If you’re like most people, you might have investments in a mutual fund. It could be a direct contribution or indirect like a 401(k).
But, here’s something you might not know: When mutual funds boast of “excellent returns” on investments, they don’t tell the whole story. When they tout how their funds are outperforming the market, they leave out certain facts.
For example, mutual funds often exclude their “deceased” funds. These are funds they started several years ago, but no longer exist. The attrition could be because of liquidation, mergers, poor investment strategy or management.
So, an investment company could have 100 mutual funds in a 10-year period, and after five years, only 40 of the funds exist. But, when the company touts its “excellent returns,” the data will exclude the 60 funds that did not survive.

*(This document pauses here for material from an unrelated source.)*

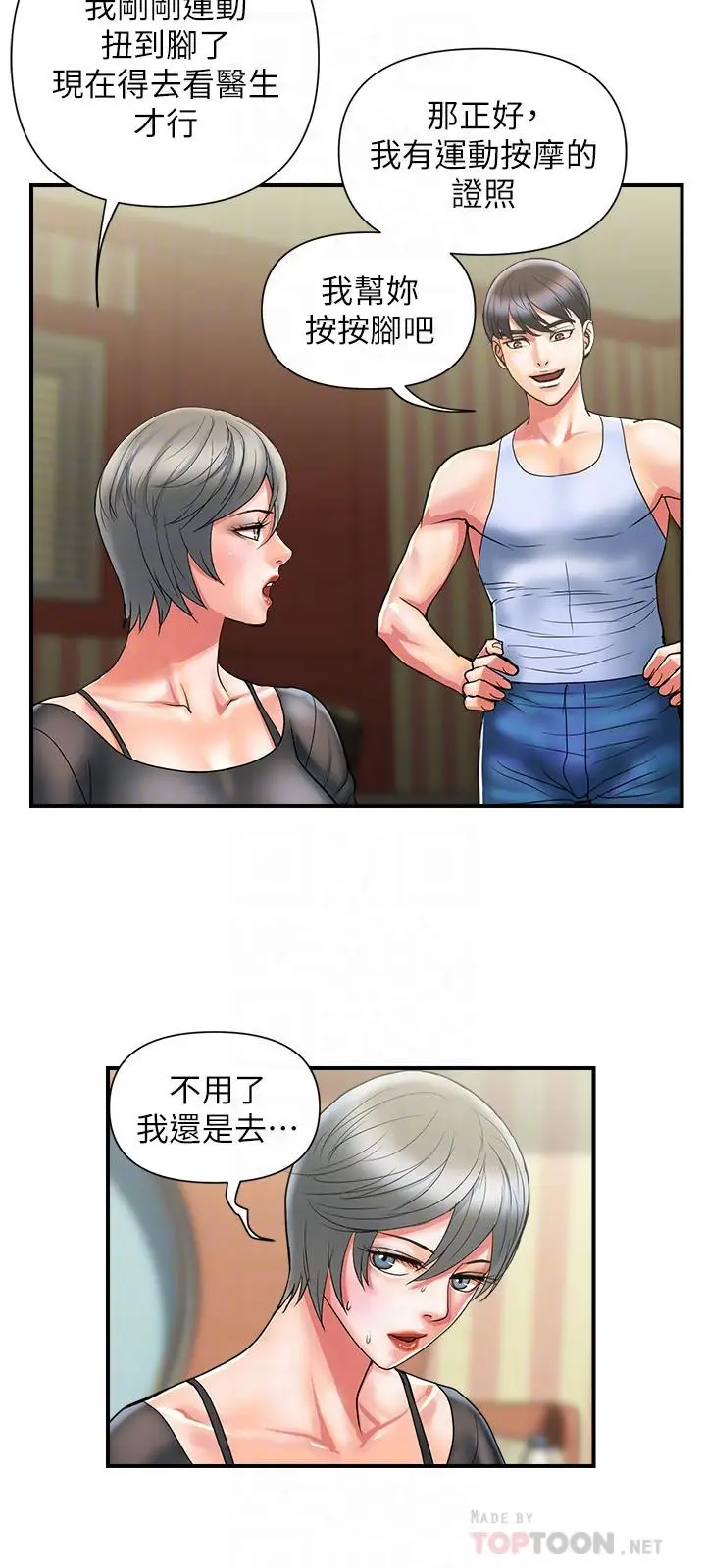 漫画《行走费洛蒙》第15话第6张图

In fact, one of the pioneers of the mutual fund industry, Vanguard, released a report that captured this reality. It found that for the five years ending on Dec. 31, 2011, 62 percent of surviving large-cap value funds outperformed their style benchmark. Here comes the shocking part: If you account for the deceased funds, that percentage dropped to 46 percent. This means that if you were an investor five years ago, you only had a 46 percent chance of picking a large-cap mutual fund winner.
But, this article is not about how to pick investments.
How to survive in sales
Here’s the point: This phenomenon of only calling out winners thrives on the survivorship bias. It’s the logical error of two things: One, we concentrate on the people or things that made it past some selection process. Two, we overlook those that don’t make it past the selection because of their lack of visibility. These two errors lead to false conclusions and opinions in several different ways.

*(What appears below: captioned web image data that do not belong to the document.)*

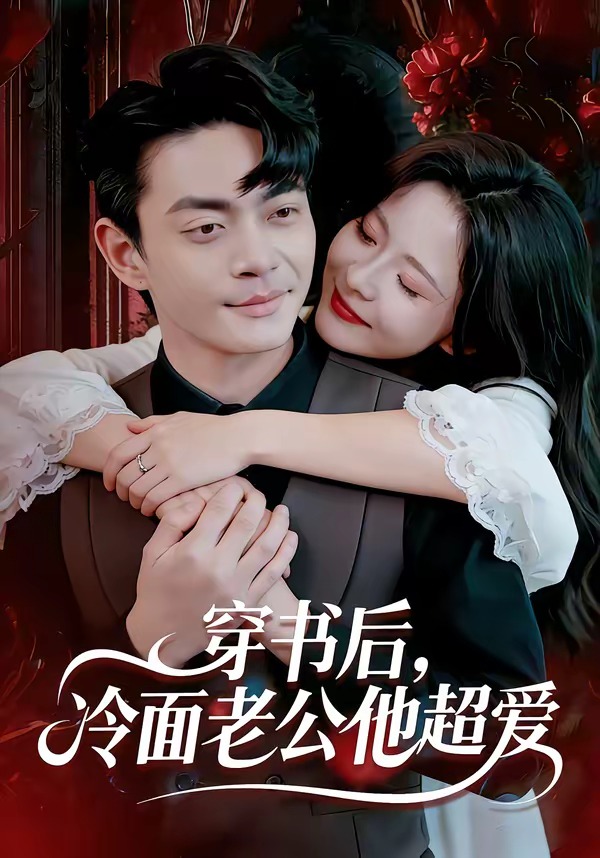 穿书后，冷面老公他超爱（80集）孙烟岚&魏祖豪-免费短剧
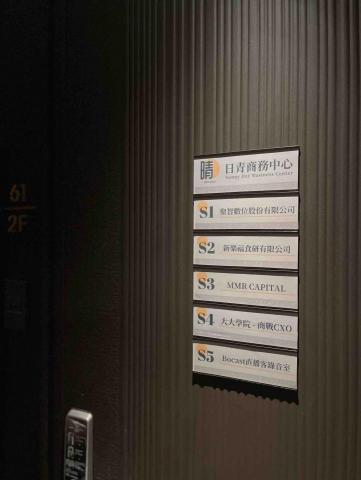 日日好日商務中心 - 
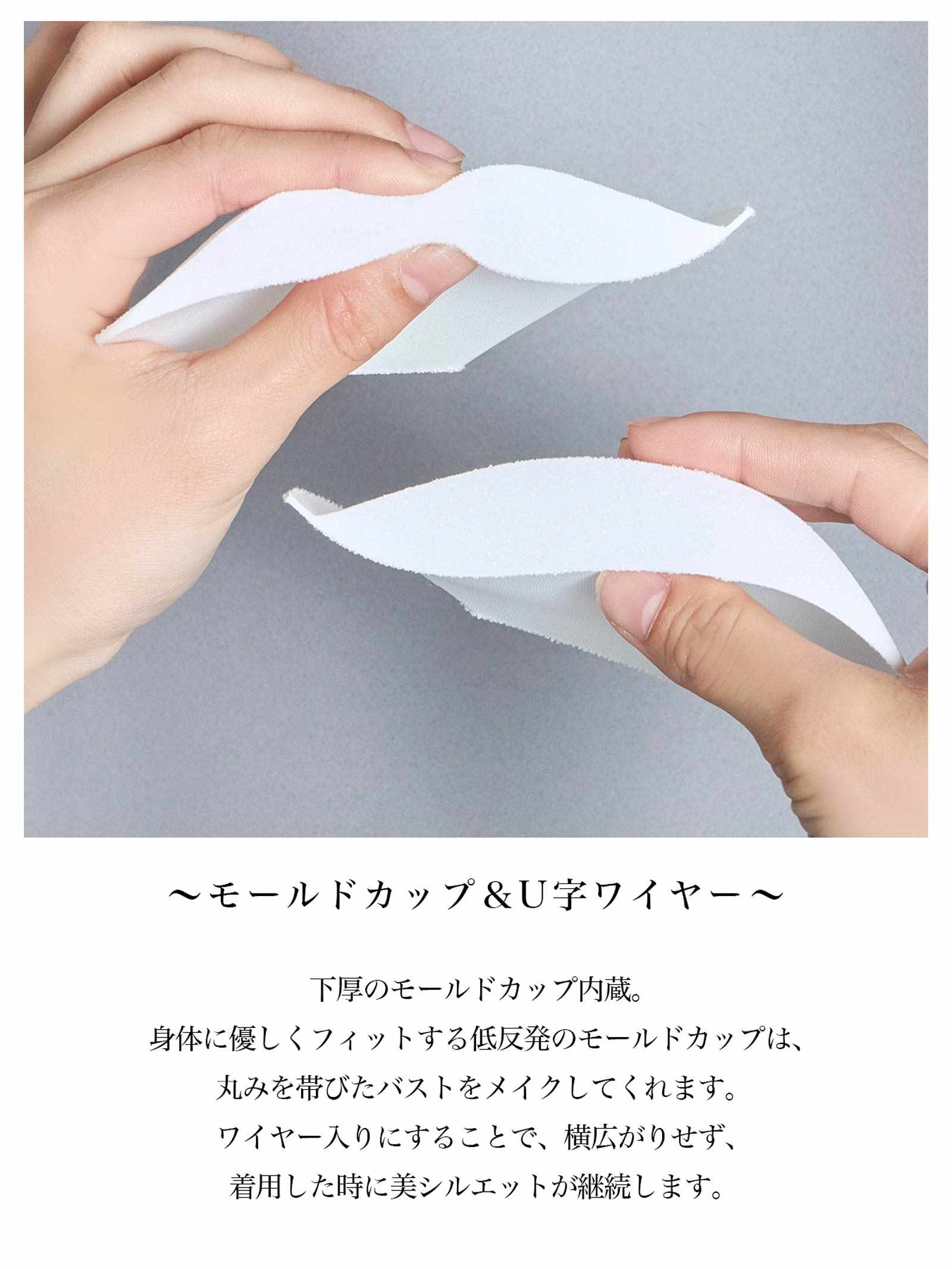 Luminous Shell Line Bra ルミナスシェルラインブラ / BLACK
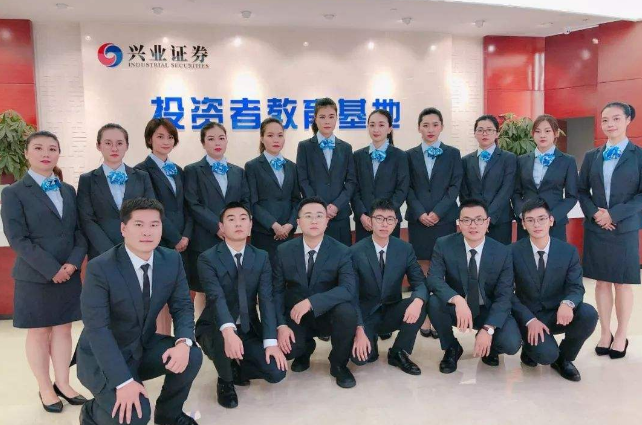 兴证证券(兴证证券资产管理有限公司)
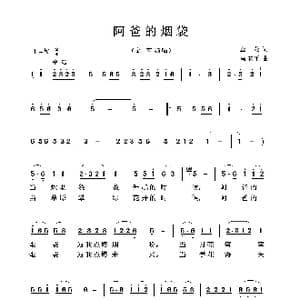 阿爸的烟袋 12_歌曲简谱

The problem is not only with mutual funds. We often find the same problem in B2B sales and prospecting.
Let’s say I close a significant deal from a lead that visited my website from a Google ad. As a result, I conclude that paid search is the best channel for getting new business. In fact, one business owner told me recently, “I was able to connect with one CEO on LinkedIn. So, I want to focus on LinkedIn marketing.”
But, here’s the problem: This survivorship bias leads people to spend tons of money investing in those channels. And later, they start saying “This does not work.”

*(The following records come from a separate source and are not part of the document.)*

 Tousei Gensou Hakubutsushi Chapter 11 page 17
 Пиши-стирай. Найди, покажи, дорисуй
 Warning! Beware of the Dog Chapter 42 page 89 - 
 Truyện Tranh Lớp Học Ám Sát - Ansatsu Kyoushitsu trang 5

There’s nothing wrong with those channels. The only challenge is how they came to those conclusions. They’ve fallen victim to the survivorship bias.
The lessons I learned
We can avoid false, survivorship-bias-influenced decisions by understanding two factors: time and predictability. Let me explain.
First, let’s talk about time. By time, I mean how long it takes for you to use the strategy. Were you consistent? In B2B sales — especially complex deals — time is a significant factor.
The author of Fanatical Prospecting, Jeb Blount, talks about the 30-day rule. The rule states that the prospecting you do in a 30-day window will pay off in the next 90 days. If you’re looking for a quick fix for sales, by skipping the process, you will be disappointing yourself.
So, depending on how long it takes to close a deal, you need a fair amount of time to see if a channel or strategy is working. How long is enough time? Ninety to 150 days. This will be good enough time to execute and see if a strategy is worth it or only an outlier.
The second factor is predictability. Here’s how I learned to define predictability: If someone else took the same steps I took or used the same strategy (after say, the 90-day period), will that person get the desired — if not same — results I had?
Predictability does not mean causation. But, at least it is the closest to a fair way of knowing what works, and what doesn’t.
I had the chance to work with one client who wanted to connect farmers in Iowa to an online solar energy marketplace. We launched the project in October. Soon, we realized that was a harvest season and all the farmers were not available to speak with us. If you picked up the same sales process we did and implemented it in say, February, you might get different results.
Predictability is vital for a sales manager with a team. If you’re hiring a new salesperson, ask yourself, “What’s the goal?” Do you know which channels or activities your new hire can take to achieve the success you desire? Or is your goal for the new hire to figure it out? Either way is fine — only make sure the expectations are clear on both sides.